Mas aí, o cavalo deu uma empinada, Sérgio rolou ribanceira abaixo e Nanda lembrou que o cavaleiro destemido era o mesmo com aquela mania de cutucá-la quando queria falar, de fiscalizar seus cigarros, que reclamava do expediente que terminava tarde, que não gostava que ela fosse à sinuca nem às festas que tocavam Madonna mas ao mesmo tempo mulherengo, ciumento ao cubo, com um ar arrogante de garoto-saúde. Era todo igual ao que se lembrava e nada mais do que imaginava para si.

“E agora?” – ele perguntou acariciando suas costas.
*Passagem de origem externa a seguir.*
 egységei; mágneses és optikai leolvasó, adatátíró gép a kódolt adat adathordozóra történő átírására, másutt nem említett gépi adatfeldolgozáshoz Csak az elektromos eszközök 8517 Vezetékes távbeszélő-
Ela não quis desviar o olhar para não entregar a dúvida.

“Não sei... tudo meio repentino, né? Nem sei o que você quer direito. Era só me pedir desculpas ou...”

“Nossa reconciliação, ué! Você não entendeu quando eu falei?”

“Quando você falou da Carlinha?! Não, não ficou muito claro, não.”

“Eu quero voltar com você, Nanda. Eu era melhor quando estava com você.”

As palavras de Sérgio pareciam tão longe, tão fora da realidade e aquele girassol na cabeceira tão murchinho. Nanda desviou o olhar para o teto e falou séria:

“Sérgio, eu sou a mesinha da sala.”

“Hã?”

“Se eu te contar tudo o que eu sou agora, você não vai saber se gosta de mim ou não.”

Era verdade. Depois de oito meses, ela era uma espiral, crescendo e girando. Mudara de emprego e agora vivia sem dinheiro, andara em uns cantos muito finos e em umas sinucas chinelonas, conhecera gente nova, ouvia outras músicas, passou a correr na Lagoa, aprendeu duas coisas na cozinha, esqueceu de casar, de como se vive a dois. Nanda não fugia mais dos índios.

“Claro que não, Nanda! Eu tenho certeza que ainda gosto de você, eu não tinha noção do quanto era feliz!”

“Me dá o telefone aqui, Sérgio.”

“Pra quê?”

“Preciso pintar o apartamento.”

O que havia mudado na casa de Nanda era, principalmente, Nanda.